◆ **The task**
The complete listing that follows is to be set down again, exactly as it appears.

== Records shown ==

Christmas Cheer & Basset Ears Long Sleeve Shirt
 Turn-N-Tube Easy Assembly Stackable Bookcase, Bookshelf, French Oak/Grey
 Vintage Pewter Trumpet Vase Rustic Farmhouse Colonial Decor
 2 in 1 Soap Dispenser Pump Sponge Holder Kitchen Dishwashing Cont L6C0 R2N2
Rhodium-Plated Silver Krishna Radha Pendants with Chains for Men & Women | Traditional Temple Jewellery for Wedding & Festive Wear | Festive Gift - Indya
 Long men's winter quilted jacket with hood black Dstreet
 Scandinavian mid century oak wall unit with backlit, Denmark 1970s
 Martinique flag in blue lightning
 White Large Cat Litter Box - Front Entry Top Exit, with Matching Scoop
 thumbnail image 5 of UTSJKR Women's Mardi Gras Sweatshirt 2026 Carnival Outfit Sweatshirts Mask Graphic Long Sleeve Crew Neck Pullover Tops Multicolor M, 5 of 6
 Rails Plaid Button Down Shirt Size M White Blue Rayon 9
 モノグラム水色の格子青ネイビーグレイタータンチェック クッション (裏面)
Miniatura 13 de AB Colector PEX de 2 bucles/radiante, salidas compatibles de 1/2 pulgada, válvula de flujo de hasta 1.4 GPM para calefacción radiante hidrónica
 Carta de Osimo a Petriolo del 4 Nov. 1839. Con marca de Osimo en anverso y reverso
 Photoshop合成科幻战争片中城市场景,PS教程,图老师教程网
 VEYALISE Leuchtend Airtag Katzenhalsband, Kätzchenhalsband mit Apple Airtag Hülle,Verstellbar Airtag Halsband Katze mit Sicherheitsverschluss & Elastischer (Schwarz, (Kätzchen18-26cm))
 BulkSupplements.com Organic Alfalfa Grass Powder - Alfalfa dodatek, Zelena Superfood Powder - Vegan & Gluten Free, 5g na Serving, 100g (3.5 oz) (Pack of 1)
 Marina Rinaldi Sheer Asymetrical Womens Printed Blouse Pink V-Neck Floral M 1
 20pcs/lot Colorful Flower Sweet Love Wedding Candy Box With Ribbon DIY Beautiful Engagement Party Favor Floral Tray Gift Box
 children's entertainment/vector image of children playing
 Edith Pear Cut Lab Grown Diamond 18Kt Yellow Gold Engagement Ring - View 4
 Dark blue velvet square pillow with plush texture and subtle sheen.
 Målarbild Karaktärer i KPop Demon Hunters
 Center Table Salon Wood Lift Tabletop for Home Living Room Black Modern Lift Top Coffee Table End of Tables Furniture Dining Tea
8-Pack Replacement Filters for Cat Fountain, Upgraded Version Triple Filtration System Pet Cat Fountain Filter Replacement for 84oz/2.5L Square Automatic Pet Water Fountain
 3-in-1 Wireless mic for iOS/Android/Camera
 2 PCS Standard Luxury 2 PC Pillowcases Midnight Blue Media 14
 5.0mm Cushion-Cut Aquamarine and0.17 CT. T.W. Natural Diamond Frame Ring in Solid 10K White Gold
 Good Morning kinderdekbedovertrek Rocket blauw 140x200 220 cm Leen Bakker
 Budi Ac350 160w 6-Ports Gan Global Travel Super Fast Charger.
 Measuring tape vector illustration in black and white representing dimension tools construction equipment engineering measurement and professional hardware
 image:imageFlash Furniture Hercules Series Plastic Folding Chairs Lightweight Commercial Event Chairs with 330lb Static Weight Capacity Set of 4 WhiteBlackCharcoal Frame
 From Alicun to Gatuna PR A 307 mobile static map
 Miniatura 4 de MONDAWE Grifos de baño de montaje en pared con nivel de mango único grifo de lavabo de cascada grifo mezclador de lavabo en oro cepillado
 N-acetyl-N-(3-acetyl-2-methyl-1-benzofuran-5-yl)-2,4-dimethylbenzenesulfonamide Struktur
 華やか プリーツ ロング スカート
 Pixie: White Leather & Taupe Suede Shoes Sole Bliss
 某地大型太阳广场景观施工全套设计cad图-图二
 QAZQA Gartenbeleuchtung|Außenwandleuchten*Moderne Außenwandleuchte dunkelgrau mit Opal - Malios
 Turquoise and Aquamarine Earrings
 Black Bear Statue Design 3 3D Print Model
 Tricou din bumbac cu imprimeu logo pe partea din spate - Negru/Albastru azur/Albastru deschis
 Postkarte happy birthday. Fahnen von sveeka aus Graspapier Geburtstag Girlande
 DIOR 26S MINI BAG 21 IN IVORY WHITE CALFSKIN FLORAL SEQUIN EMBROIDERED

===

◆ **Written answer**
Christmas Cheer & Basset Ears Long Sleeve Shirt
 Turn-N-Tube Easy Assembly Stackable Bookcase, Bookshelf, French Oak/Grey
 Vintage Pewter Trumpet Vase Rustic Farmhouse Colonial Decor
 2 in 1 Soap Dispenser Pump Sponge Holder Kitchen Dishwashing Cont L6C0 R2N2
Rhodium-Plated Silver Krishna Radha Pendants with Chains for Men & Women | Traditional Temple Jewellery for Wedding & Festive Wear | Festive Gift - Indya
 Long men's winter quilted jacket with hood black Dstreet
 Scandinavian mid century oak wall unit with backlit, Denmark 1970s
 Martinique flag in blue lightning
 White Large Cat Litter Box - Front Entry Top Exit, with Matching Scoop
 thumbnail image 5 of UTSJKR Women's Mardi Gras Sweatshirt 2026 Carnival Outfit Sweatshirts Mask Graphic Long Sleeve Crew Neck Pullover Tops Multicolor M, 5 of 6
 Rails Plaid Button Down Shirt Size M White Blue Rayon 9
 モノグラム水色の格子青ネイビーグレイタータンチェック クッション (裏面)
Miniatura 13 de AB Colector PEX de 2 bucles/radiante, salidas compatibles de 1/2 pulgada, válvula de flujo de hasta 1.4 GPM para calefacción radiante hidrónica
 Carta de Osimo a Petriolo del 4 Nov. 1839. Con marca de Osimo en anverso y reverso
 Photoshop合成科幻战争片中城市场景,PS教程,图老师教程网
 VEYALISE Leuchtend Airtag Katzenhalsband, Kätzchenhalsband mit Apple Airtag Hülle,Verstellbar Airtag Halsband Katze mit Sicherheitsverschluss & Elastischer (Schwarz, (Kätzchen18-26cm))
 BulkSupplements.com Organic Alfalfa Grass Powder - Alfalfa dodatek, Zelena Superfood Powder - Vegan & Gluten Free, 5g na Serving, 100g (3.5 oz) (Pack of 1)
 Marina Rinaldi Sheer Asymetrical Womens Printed Blouse Pink V-Neck Floral M 1
 20pcs/lot Colorful Flower Sweet Love Wedding Candy Box With Ribbon DIY Beautiful Engagement Party Favor Floral Tray Gift Box
 children's entertainment/vector image of children playing
 Edith Pear Cut Lab Grown Diamond 18Kt Yellow Gold Engagement Ring - View 4
 Dark blue velvet square pillow with plush texture and subtle sheen.
 Målarbild Karaktärer i KPop Demon Hunters
 Center Table Salon Wood Lift Tabletop for Home Living Room Black Modern Lift Top Coffee Table End of Tables Furniture Dining Tea
8-Pack Replacement Filters for Cat Fountain, Upgraded Version Triple Filtration System Pet Cat Fountain Filter Replacement for 84oz/2.5L Square Automatic Pet Water Fountain
 3-in-1 Wireless mic for iOS/Android/Camera
 2 PCS Standard Luxury 2 PC Pillowcases Midnight Blue Media 14
 5.0mm Cushion-Cut Aquamarine and0.17 CT. T.W. Natural Diamond Frame Ring in Solid 10K White Gold
 Good Morning kinderdekbedovertrek Rocket blauw 140x200 220 cm Leen Bakker
 Budi Ac350 160w 6-Ports Gan Global Travel Super Fast Charger.
 Measuring tape vector illustration in black and white representing dimension tools construction equipment engineering measurement and professional hardware
 image:imageFlash Furniture Hercules Series Plastic Folding Chairs Lightweight Commercial Event Chairs with 330lb Static Weight Capacity Set of 4 WhiteBlackCharcoal Frame
 From Alicun to Gatuna PR A 307 mobile static map
 Miniatura 4 de MONDAWE Grifos de baño de montaje en pared con nivel de mango único grifo de lavabo de cascada grifo mezclador de lavabo en oro cepillado
 N-acetyl-N-(3-acetyl-2-methyl-1-benzofuran-5-yl)-2,4-dimethylbenzenesulfonamide Struktur
 華やか プリーツ ロング スカート
 Pixie: White Leather & Taupe Suede Shoes Sole Bliss
 某地大型太阳广场景观施工全套设计cad图-图二
 QAZQA Gartenbeleuchtung|Außenwandleuchten*Moderne Außenwandleuchte dunkelgrau mit Opal - Malios
 Turquoise and Aquamarine Earrings
 Black Bear Statue Design 3 3D Print Model
 Tricou din bumbac cu imprimeu logo pe partea din spate - Negru/Albastru azur/Albastru deschis
 Postkarte happy birthday. Fahnen von sveeka aus Graspapier Geburtstag Girlande
 DIOR 26S MINI BAG 21 IN IVORY WHITE CALFSKIN FLORAL SEQUIN EMBROIDERED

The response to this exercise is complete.